Shouts of "We want democracy!" amplified by bullhorns echoed around the district famously dominated by towering skyscrapers.
"This march is to show the rich, the people working in Central, the people with real power in Hong Kong, that they can't ignore this grassroots movement," said Nathaniel Siu, 18, an applied social science student at Hong Kong Polytechnic University.
Siu said his mother, who works in one of the office buildings along the protest route, does not approve of his activism and dinner conversations have become increasingly awkward at home.

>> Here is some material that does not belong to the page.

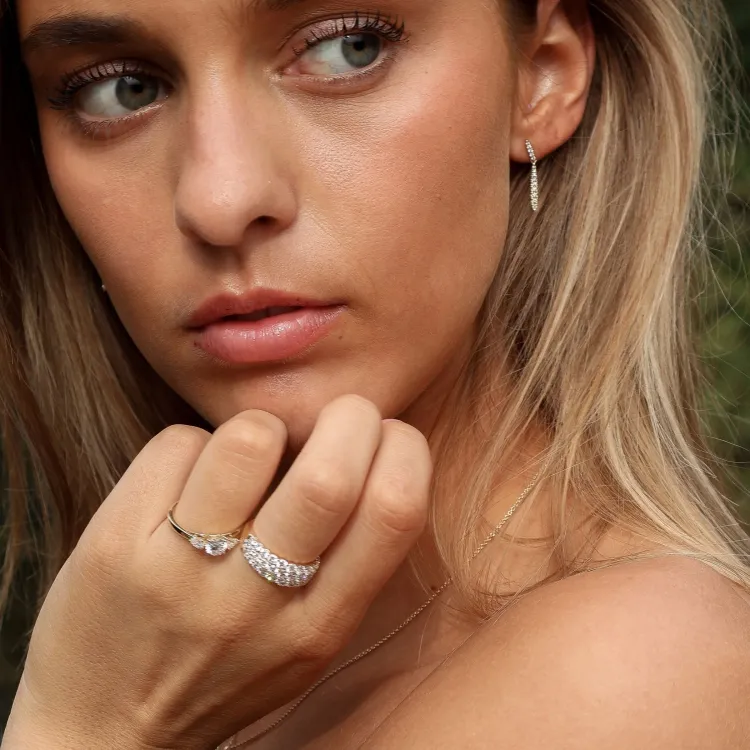 lab grown Diamant Ring in 9 Karat Gold 0,50 ct 0,20 ct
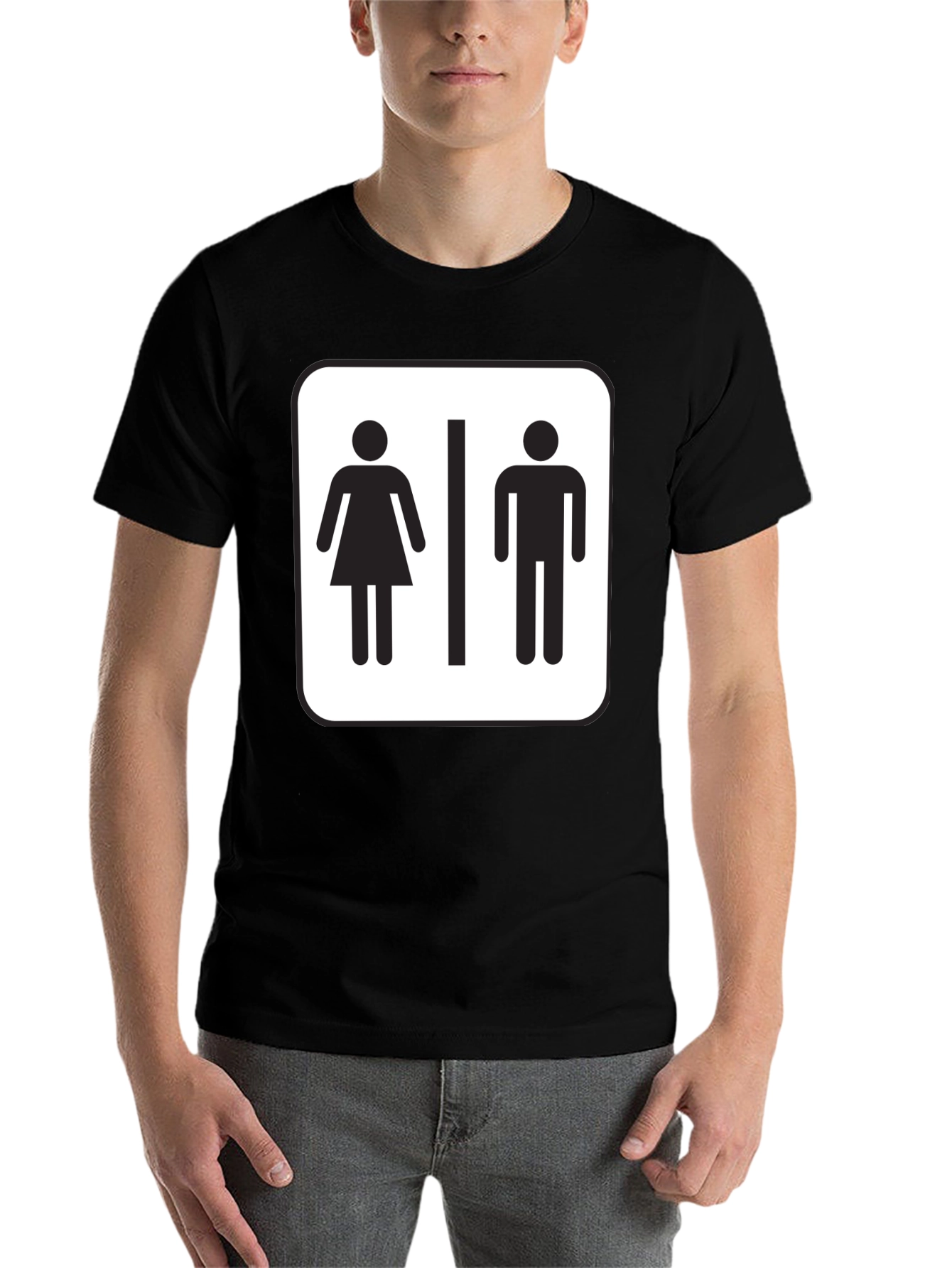 Black Unisex Restroom Sign Graphic Tee - Black Cotton Blend view 7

"Walking to Central shows more people we really care about democracy, that we're serious. We're not just sitting in a park anymore," said Tiffany Fong as she pointed a handheld fan at her face in the humid weather.
The students ended their march without incident, gathering back in Tamar Park where regular lectures are being held.
Occupy Central, a prominent grassroots pro-democracy group, has vowed to take over Central if its demand that Hong Kongers be allowed to nominate candidates for leader is not met.
Last month China said Hong Kongers would be allowed to vote for their leader for the first time in the 2017 election, but that only two or three candidates approved by a pro-Beijing committee could stand.
The students are not expected to engage in direct action imminently. Federation of Students leader Alex Chow has given Leung until tomorrow morning to meet their delegates. If he refuses, Chow said, students will intensify their actions.